■ **Work order**: Below is a block of entries, which should be copied verbatim apart from the pictures.

Saved entries

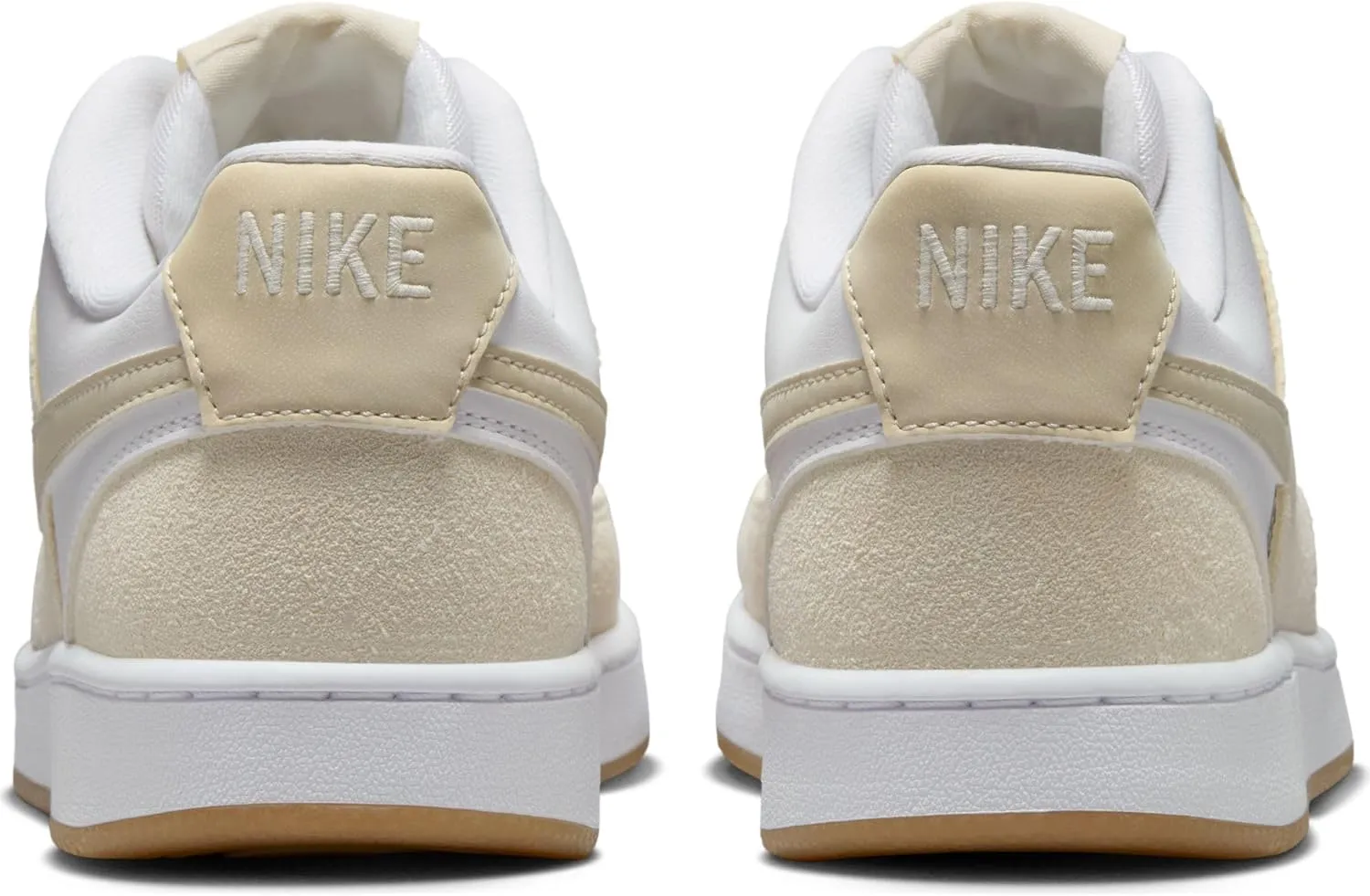 Nike Low-Top Sneakers Women's Shoe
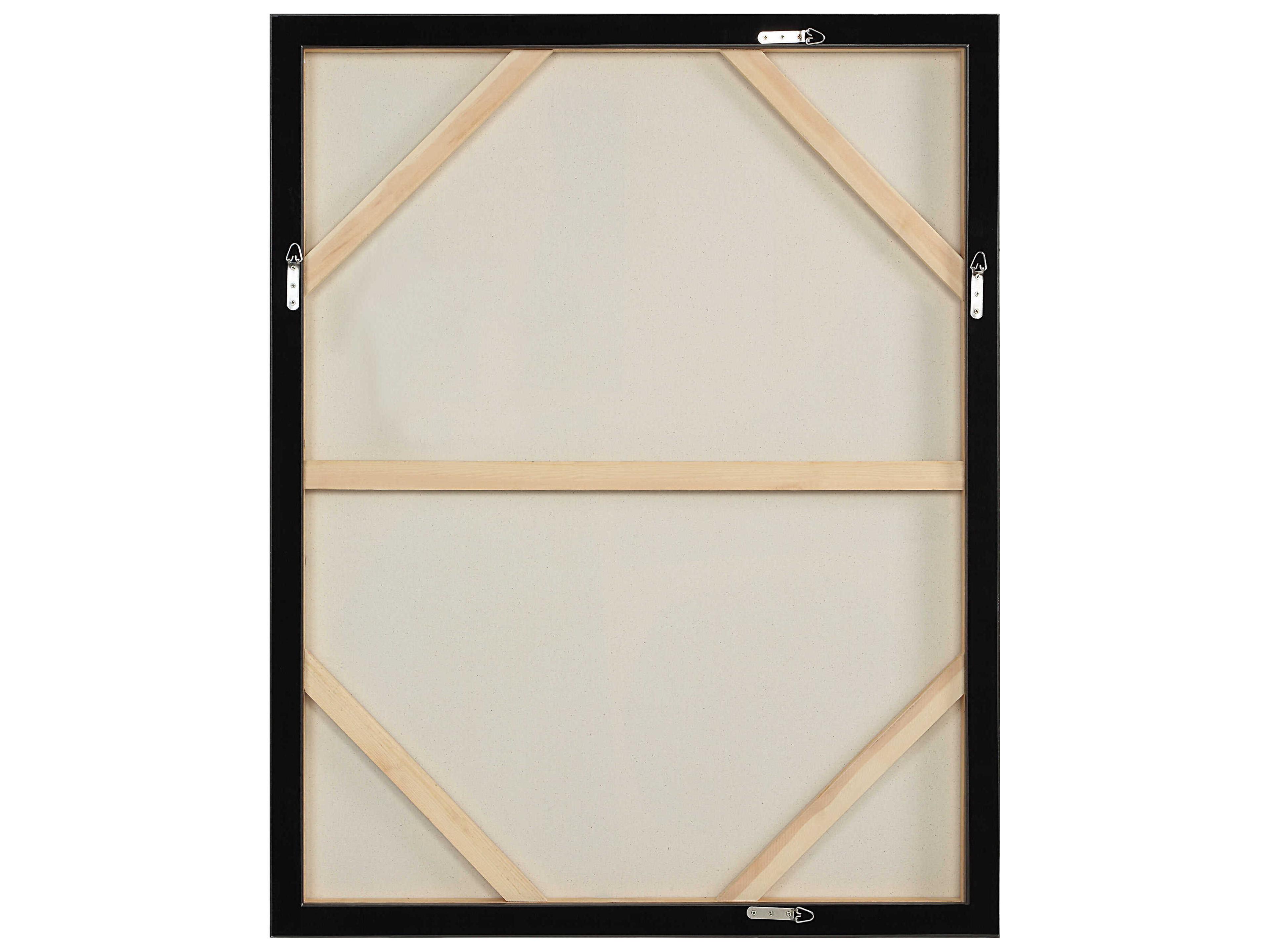 Renwil Castagno Canvas Art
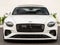 2025 Bentley Continental GT Speed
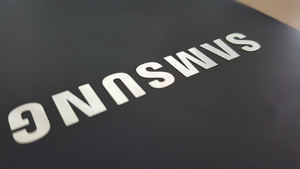 Samsung apuesta por la formación en nuevas tecnologías e inteligencia artificial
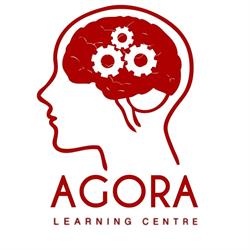 Agora Learning Centre, Bucureşti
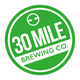 logo_30_mile_brewing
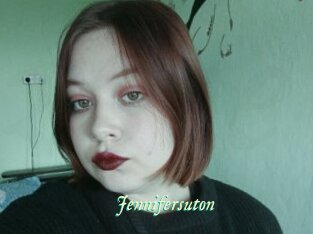 Jennifersuton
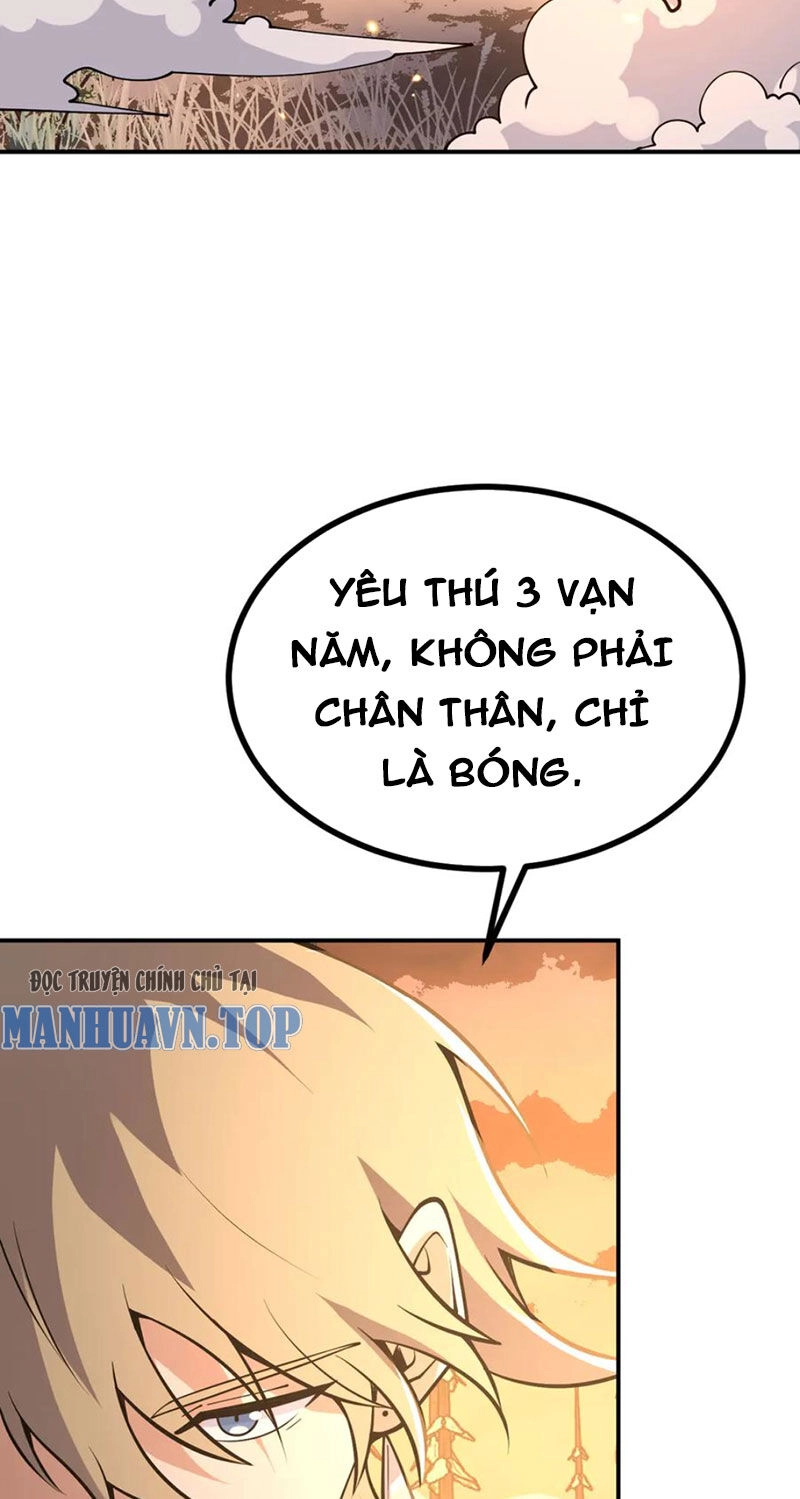 Nhất Quyền Bạo Tinh Chapter 129 - 41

■ **Worked solution**:
 Nike Low-Top Sneakers Women's Shoe
 Renwil Castagno Canvas Art
 2025 Bentley Continental GT Speed
 Samsung apuesta por la formación en nuevas tecnologías e inteligencia artificial
 Agora Learning Centre, Bucureşti
 logo_30_mile_brewing
 Jennifersuton
 Nhất Quyền Bạo Tinh Chapter 129 - 41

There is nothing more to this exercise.